WHAT TO DO: Repeat only the lines below from the one that contains "Paeonia mascula" through the final line, exactly. Omit pictures.

RECORDS FOR THE TASK:
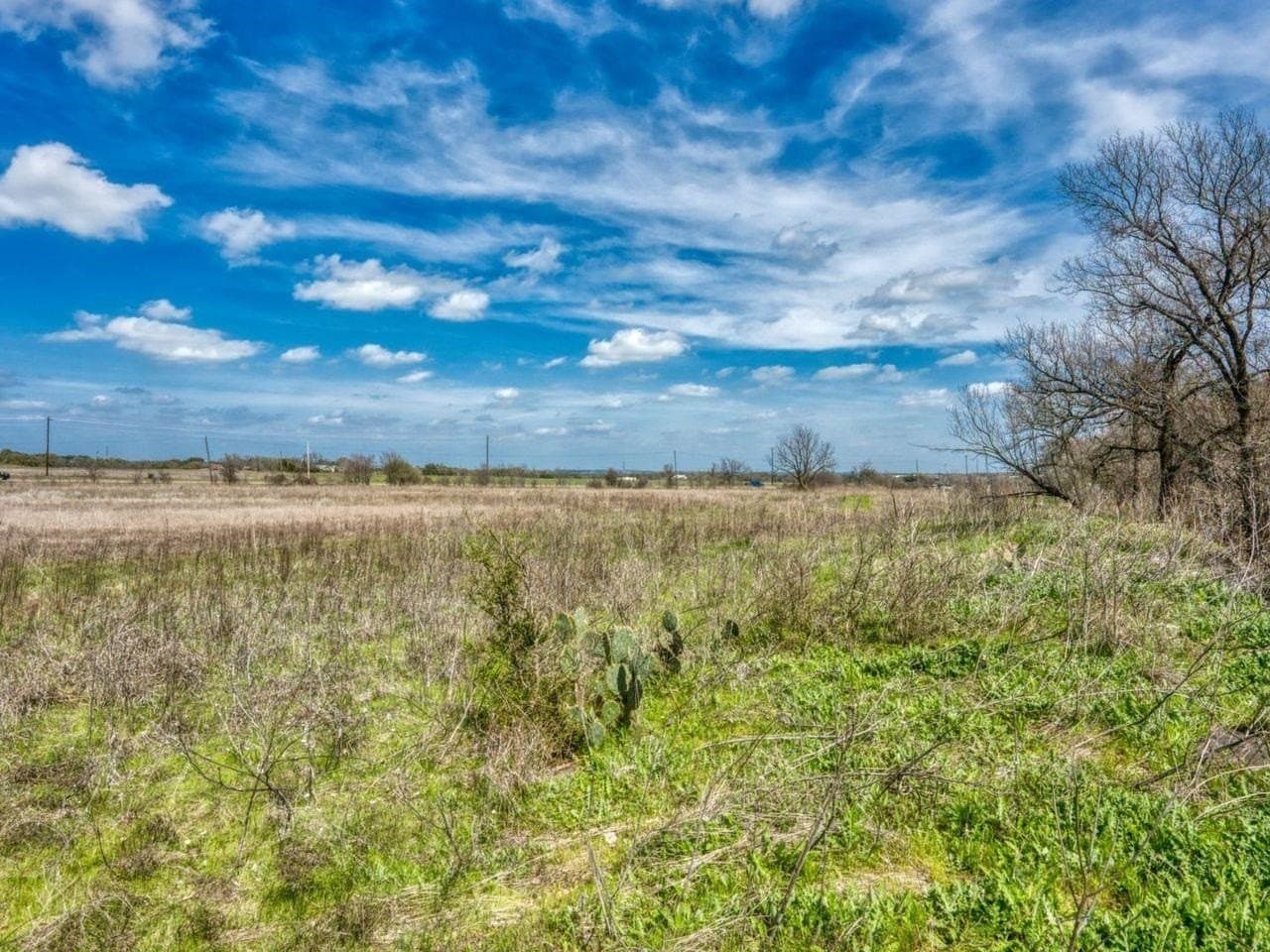 20.13 acres in Burnet County gallery image 2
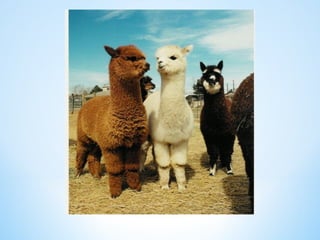 Cute Creatures 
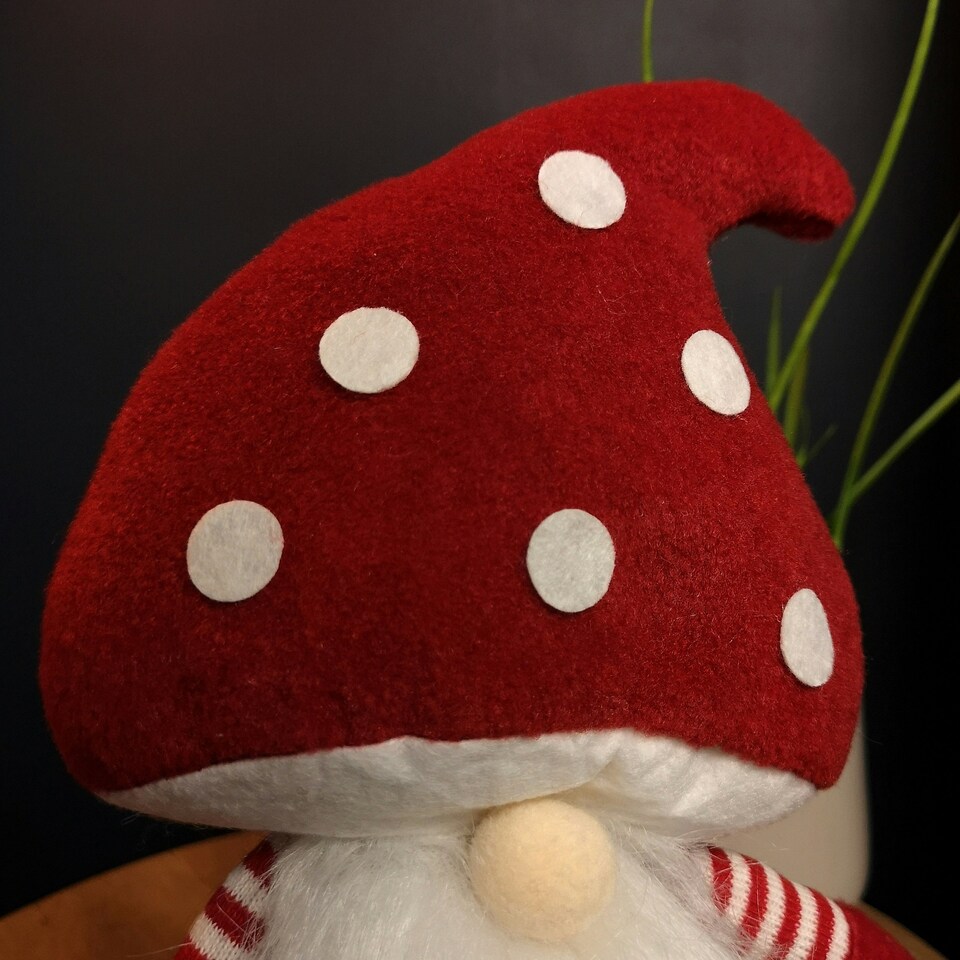 image 1 of 53cm Stripey Red Plush Sitting Christmas Boy Gonk with Dangly Legs and Mushroom Hat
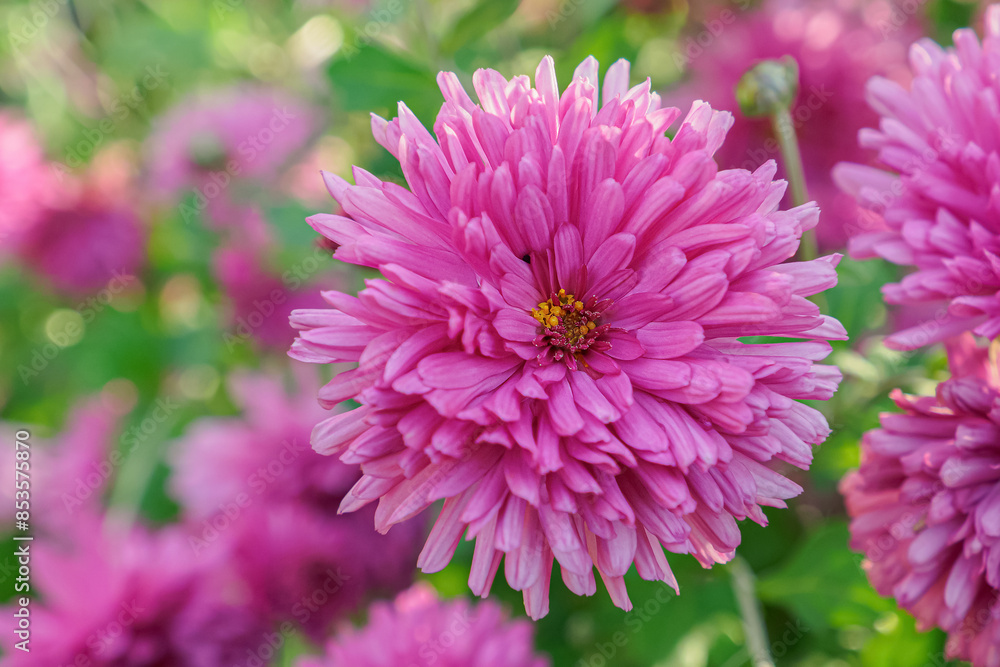 Flower. Chrysanthemum. Botanical Garden. Gardening Flower. Chrysanthemum. Botanical Garden. Gardening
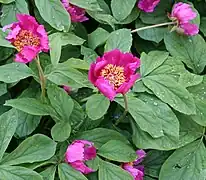 Paeonia mascula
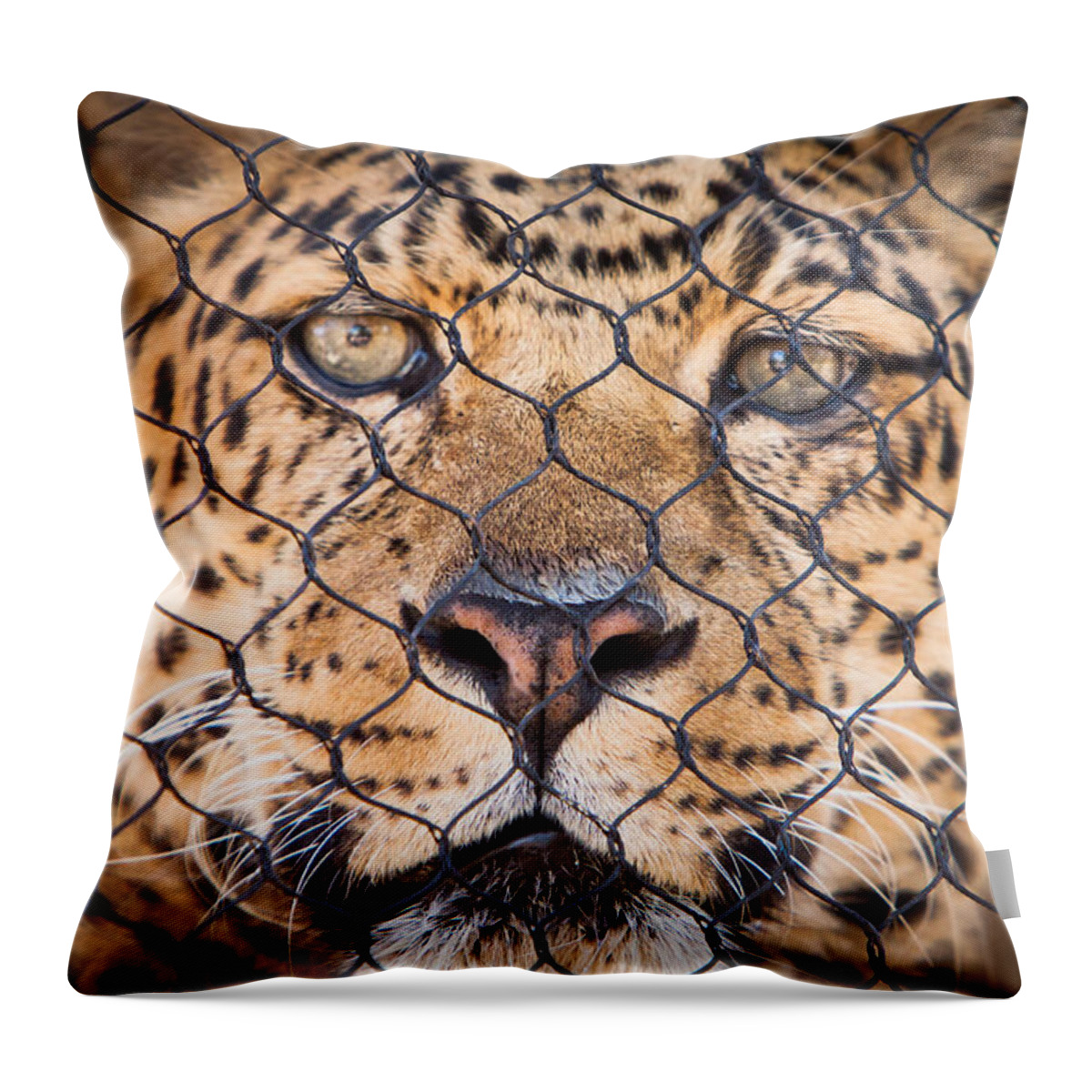Black Throw Pillow featuring the photograph Let Me Out by John Wadleigh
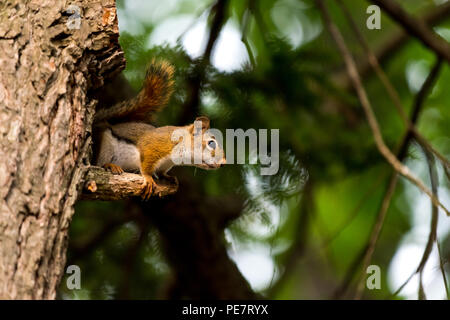 Écureuil roux (Tamiasciurus hudsonicus) dans un arbre. Banque D'Images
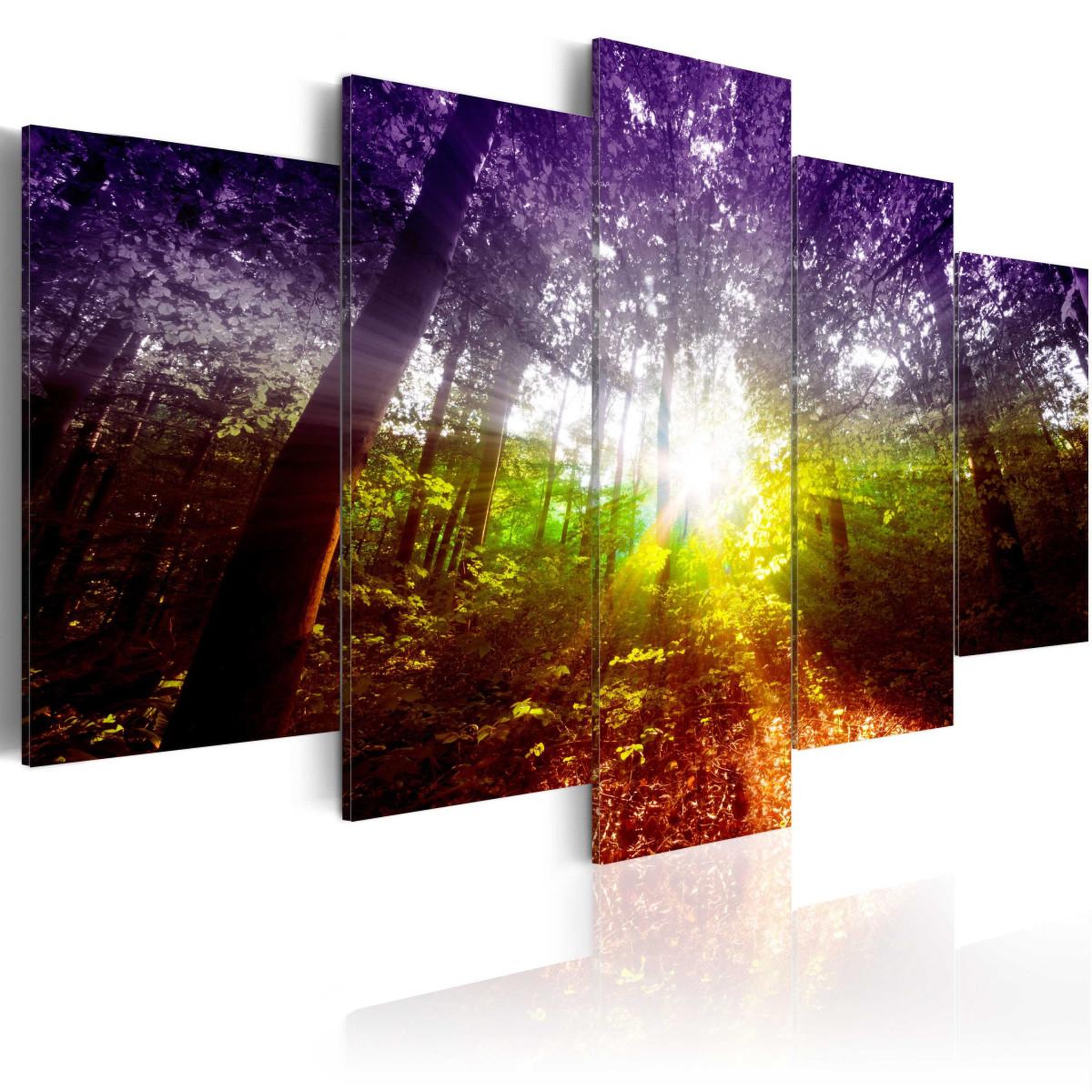 Voir la diapositive 1 : Paris Prix Tableau Imprimé  Rainbow Forest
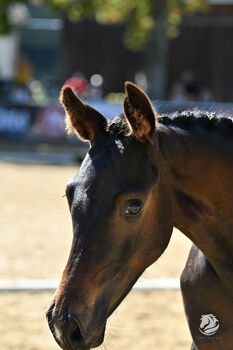 Traumfohlen von Dream Royal, E.C., Horses For Sale, Reichenfels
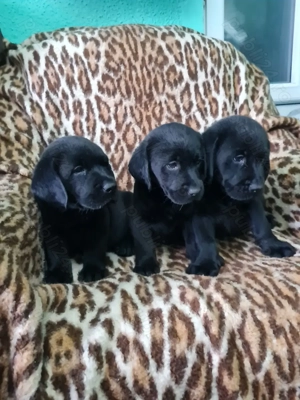 Labrador Retriever Negru Puiuti Masculi  - imagine 2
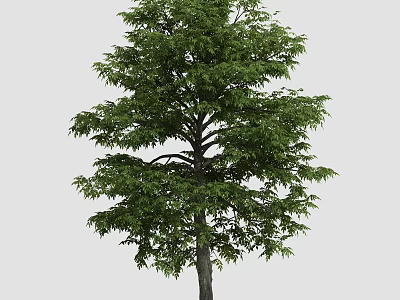 Lush Green Arbor With Dense Foliage And Strong Trunk In Natural Scene 3d model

OUTPUT FOR THIS TASK:
 Paeonia mascula
Black Throw Pillow featuring the photograph Let Me Out by John Wadleigh
 Écureuil roux (Tamiasciurus hudsonicus) dans un arbre. Banque D'Images
 Voir la diapositive 1 : Paris Prix Tableau Imprimé  Rainbow Forest
 Traumfohlen von Dream Royal, E.C., Horses For Sale, Reichenfels
 Labrador Retriever Negru Puiuti Masculi  - imagine 2
 Lush Green Arbor With Dense Foliage And Strong Trunk In Natural Scene 3d model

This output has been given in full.